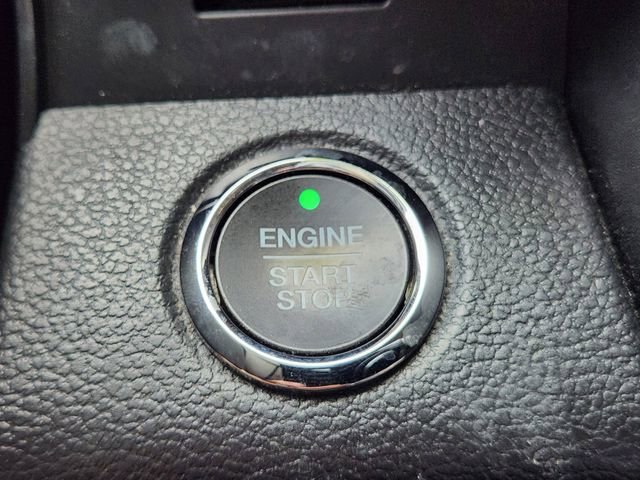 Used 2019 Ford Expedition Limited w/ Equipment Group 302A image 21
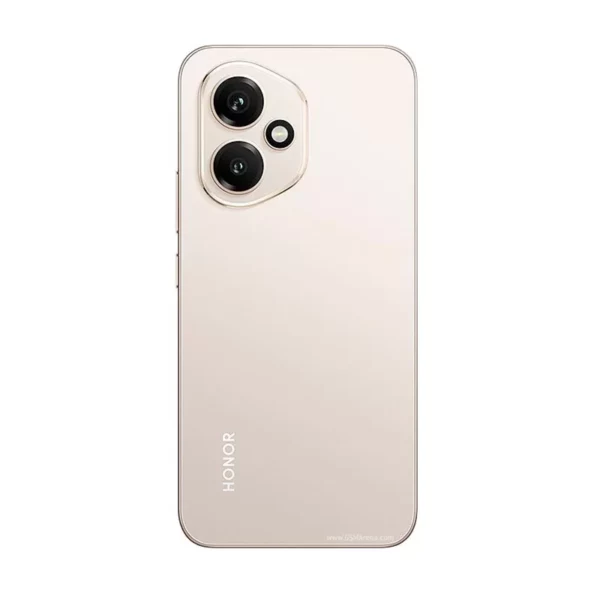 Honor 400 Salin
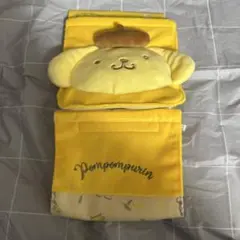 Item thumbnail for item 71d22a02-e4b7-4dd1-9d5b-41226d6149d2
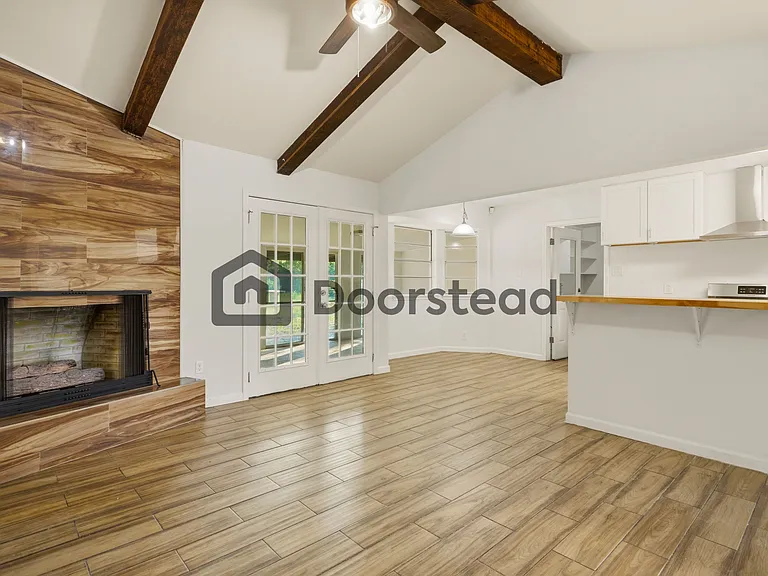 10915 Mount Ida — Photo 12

++++

● What you have to do
Retype the listing exactly and drop the pictures.

● Answer to the exercise
 Used 2019 Ford Expedition Limited w/ Equipment Group 302A image 21
 Honor 400 Salin
 Item thumbnail for item 71d22a02-e4b7-4dd1-9d5b-41226d6149d2
 10915 Mount Ida — Photo 12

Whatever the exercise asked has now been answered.